From fd68bf708402b3e7206f751e0254ff07df563434 Mon Sep 17 00:00:00 2001
From: Ettore Di Giacinto <mudler@users.noreply.github.com>
Date: Sun, 11 Feb 2024 11:20:00 +0100
Subject: [PATCH] fix(vall-e-x): Fix voice cloning (#1696)

---
 backend/python/vall-e-x/ttsvalle.py         | 4 ++++
 docs/content/docs/features/text-to-audio.md | 6 +++---
 2 files changed, 7 insertions(+), 3 deletions(-)

diff --git a/backend/python/vall-e-x/ttsvalle.py b/backend/python/vall-e-x/ttsvalle.py
index d7c5d700..fc9d93bd 100644
--- a/backend/python/vall-e-x/ttsvalle.py
+++ b/backend/python/vall-e-x/ttsvalle.py
@@ -55,6 +55,7 @@ class BackendServicer(backend_pb2_grpc.BackendServicer):
             print("Preparing models, please wait", file=sys.stderr)

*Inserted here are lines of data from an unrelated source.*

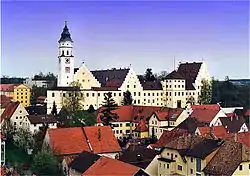 Babenhausen and the Fugger Castle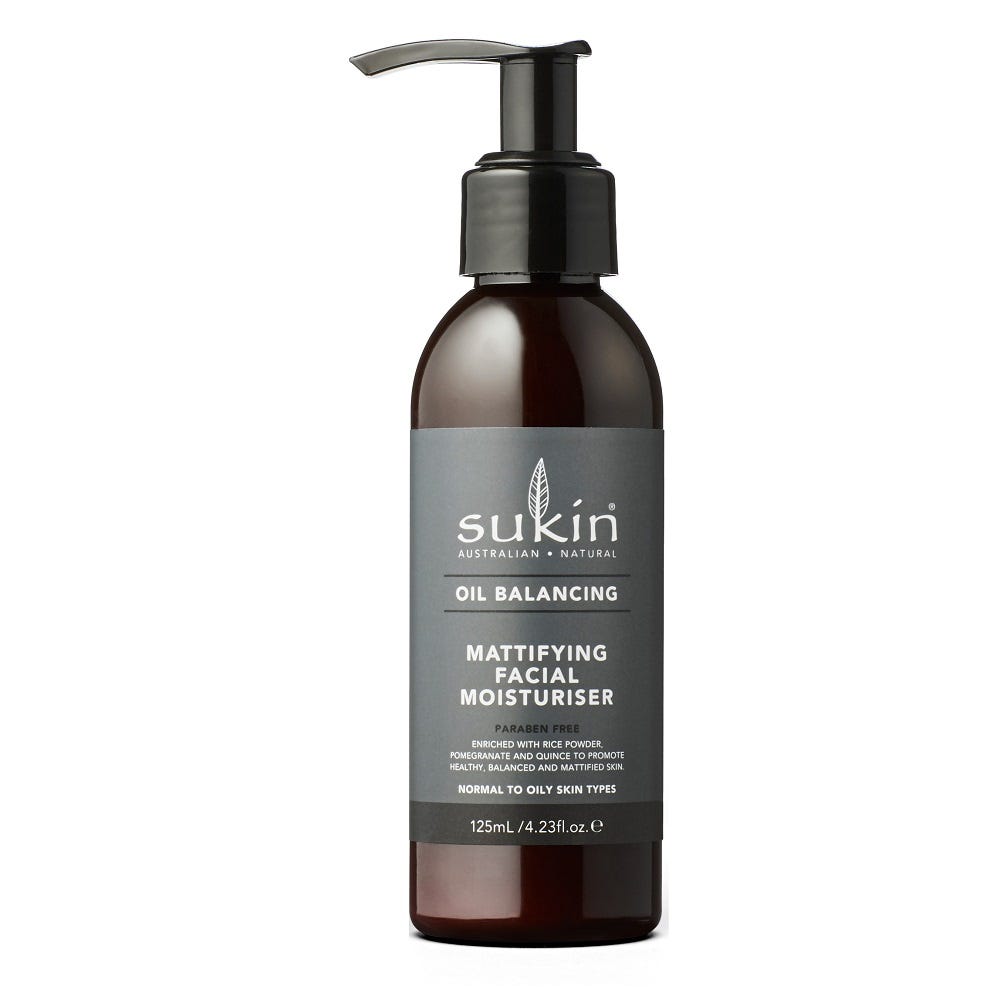Oil Balancing Mattifying Moisturiser - Health 2000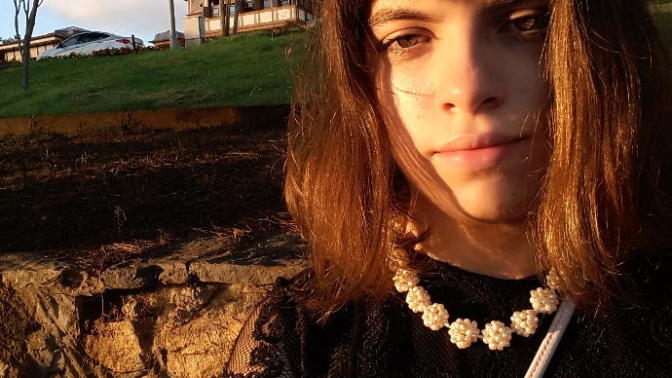 Saçım boya gibi mi herkes boya sanıyor?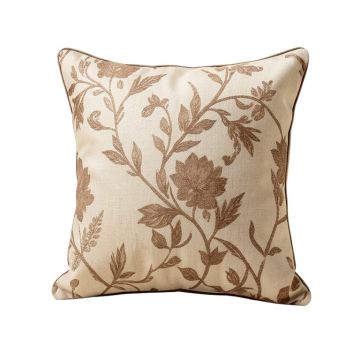 Williston Guaranteed Tingle Decorative Square Pillow Cover & Insert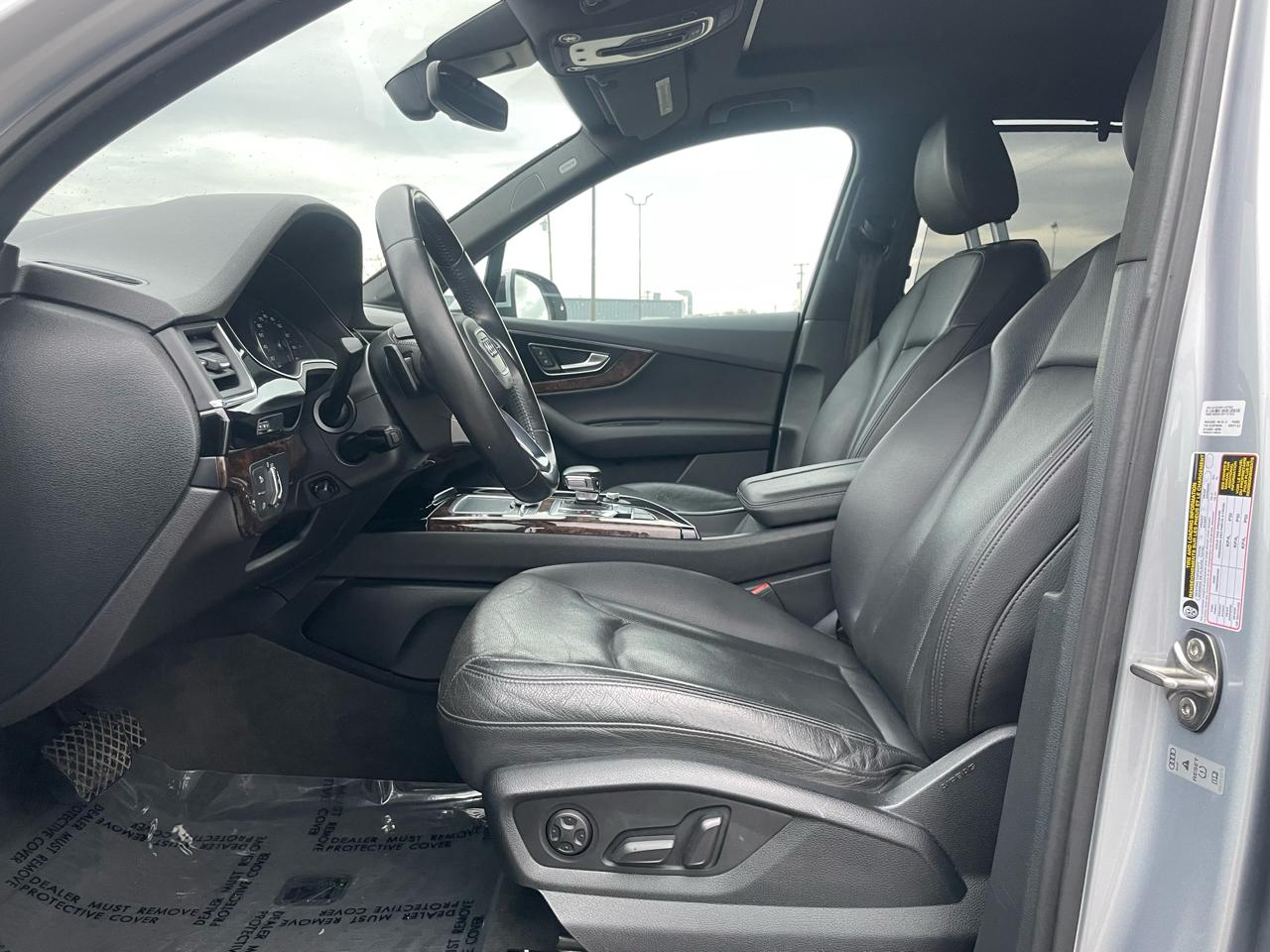 Audi Q7 3.0 Premium Plus quattro 2017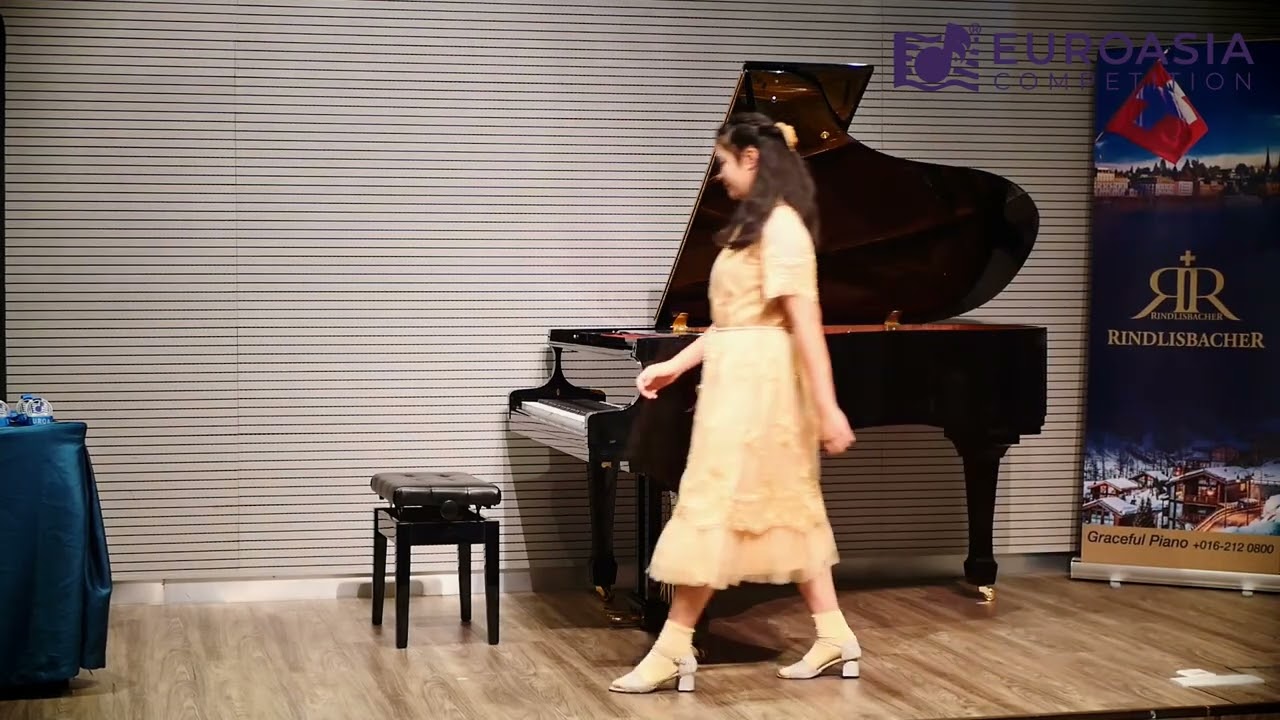 Ashley Yap Sin Yun(Kuala Lumpur) | Ages 13 to 14 | Third Prize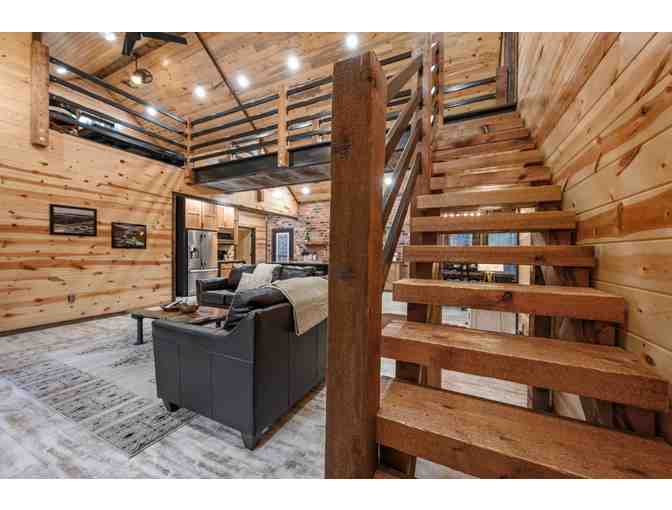 Broken Bow Oklahoma Retreat.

             # download and load all models
             preload_models()
+            self.clonedVoice = False
             # Assume directory from request.ModelFile.
             # Only if request.LoraAdapter it's not an absolute path
             if request.AudioPath and request.ModelFile != "" and not os.path.isabs(request.AudioPath):
@@ -65,6 +66,7 @@ class BackendServicer(backend_pb2_grpc.BackendServicer):
             if request.AudioPath != "":
                 print("Generating model", file=sys.stderr)
                 make_prompt(name=model_name, audio_prompt_path=request.AudioPath)
+                self.clonedVoice = True
                 ### Use given transcript
                 ##make_prompt(name=model_name, audio_prompt_path="paimon_prompt.wav",
                 ##                transcript="Just, what was that? Paimon thought we were gonna get eaten.")
@@ -91,6 +93,8 @@ class BackendServicer(backend_pb2_grpc.BackendServicer):
         try:
             audio_array = None
             if model != "":
+                if self.clonedVoice:
+                    model = os.path.basename(request.model)
                 audio_array = generate_audio(request.text, prompt=model)
             else:
                 audio_array = generate_audio(request.text)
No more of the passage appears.